Are NB-IoT and LoRA really competing for the same market?

By: Shahzad Nadeem
Head of Smart Cities

6th February 2020

4 minute read

Home » LoRa

The growth of IoT devices and their applications demand capabilities never imagined before in communication technologies. IoT applications usually have specific requirements such as low cost, low power, long range and low data rates. Technologies like Zigbee, WiFi, 2G, 3G, and 4G don’t always meet these requirements which are often presented as the “Tens of IoT”. The IoT devices are supposed to have a battery life of 10 years, cost as low as $10 a piece, should be accessible from 10 km, send less than 10 bytes per hour and the base station should cater for 10,000 devices. These demands lay the foundations of Low Power Wide Area Network (LPWAN) technologies like NB-IoT, LoRA and SigFox. SigFox and LoRa were initially developed by French companies around 2010. LoRA alliance standardised the LoRA protocols, SigFox is in discussions with 3GPP for standardisation and the development of NB-IoT standards is led by 3GPP. The backing from major market players is making LoRa and NB-IoT more attractive for IoT use cases compared to SigFox. In this article we are going to compare LoRa and NB-IoT with respect to their technical capabilities, market penetration and future prospects.
bluetooh, bluetooth BLE, wifi, IOT technologies

NB-IoT is a cellular technology based on the LTE network architecture. It works in licensed bands and piggy-backs on deployed cellular infrastructure. The potential of integration on top of the deployed cellular infrastructure makes it the technology of choice for mobile network operators who want to make best use of their licensed bands and deployed networks. While LoRa network needs deployment from scratch, the long term operational costs are lower because of the use of unlicensed ISM bands (868 MHz in Europe, 433 MHz in Asia and 915 MHz in North America) which makes it ideal for the low budget small scale deployments.

lpwan, iot, comparison

iot, module shipment forecasts
Courtesy – IHS Market: An in-depth view into the competition, applications and influencers driving the foundation of IoT

Adoption and support

NB-IoT is devloped by 3GPP which is a recognised standards body that developed the 3G and LTE standards. NB-IoT is supported by the Chinese government which has influenced the adoption and penetration of NB-IoT. Companies like Vodafone and Deutsche Telekom are the early adopters in Europe. LoRA, however, is the technology of choice for low cost private IoT networks. LoRA is supported by the LoRa Alliance – a non-profit and open source association of 500+ members promoting the free use of LoRa protocols. IHS Markit in their white paper ‘Connectivity Technologies’ say “LoRa has earned a leading role in the LPWAN market after shipping over 32 million nodes in 2017 and growing to over 57 million nodes in 2018”. According to LoRa Alliance more than 83 public network operators are currently using LoRaWAN. GSMA claims that 40 countries are in the process of deploying NB-IoT networks.

Cost vs Quality

LoRa took an early lead in private network deployments owing to its low cost due to free band use, cheaper infrastructure and low device cost.
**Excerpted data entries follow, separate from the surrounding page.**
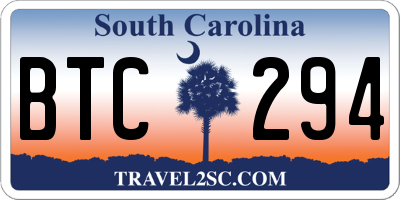 SC license plate BTC294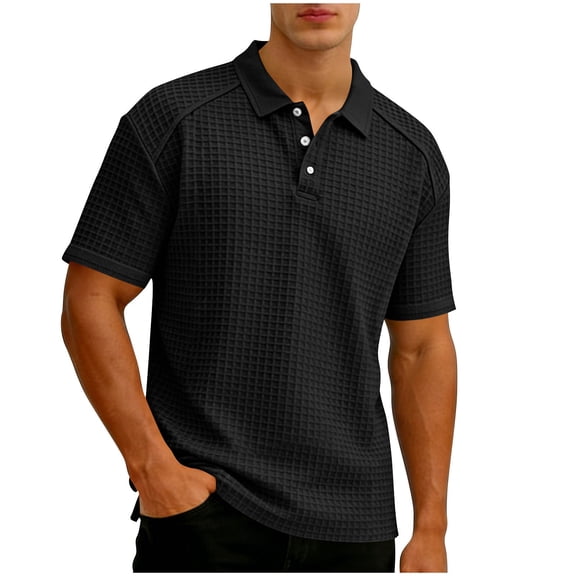 MYAOYI Polo Shirt for Men Cable Knit Textured Slim Fit Polo Shirt for Men
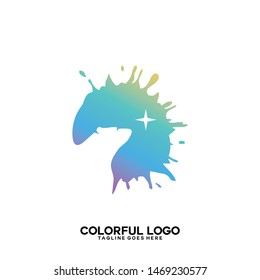 Polar Bear with Ink Splash logo. Bear negative space logo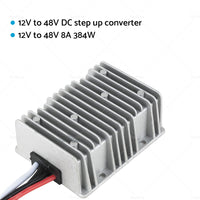 Waterproof DC 12V to DC 48V 8A Step-Up Booster Power Converter Regulator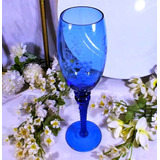 Antigua Copa Champagne De Vidrio Azul Tallado Uvas 23 Cm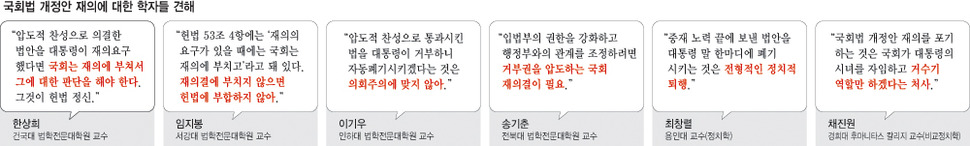 국회법 개정안 재의에 대한 학자들 견해 (※클릭하면 확대됩니다.)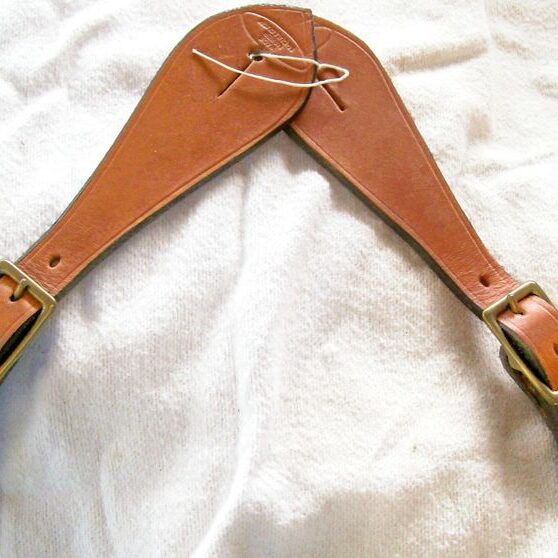 Leather straps on white background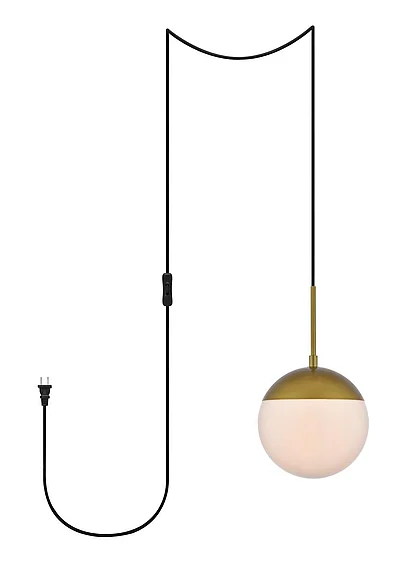 Elegant Eclipse 1 Light Brass Plug in Pendant with Frosted White Glass LDPG6030BR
When it comes to public networks there is a stiff competition with NB-IoT, however. The use of free spectrum by LoRa puts restrictions in terms of maximum power output and duty cycle to limit the interference. The cost vs quality trade-off is usually the deciding factor between LoRa and NB-IoT. Applications requiring low latency and guaranteed QoS will prefer NB-IoT over LoRA.

Longevity

IoT devices are supposed to have long battery life as these could be deployed in remote areas. The QoS, low latency, synchronous communication and higher device current require a higher energy use and render a shorter battery life to NB-IoT compared to LoRa. The applications that do not need low latency would prefer LoRa if battery life is the main concern.

Coverage

Better link budget gives a coverage edge to NB-IoT over LoRA. It is quite clear though that due to its reliance on the LTE network, NB-IoT may have limited coverage in rural areas. LoRa however, with low infrastructure costs, can be readily deployed to get coverage where no LTE infrastructure exists.

Data rate

The applications requiring higher than 50 Kbps need NB-IoT deployment which runs at 250Kbps peak data rate. LoRA, however, offers rate adaptation thus reducing the channel use and interference.

Mobility

IoT applications requiring mobility prefer LoRa over NB-IoT as the later works on cell reselection in Idle mode which does not offer optimum mobility support. LoRA network however, allows transmission to multiple base stations hence no need for handover.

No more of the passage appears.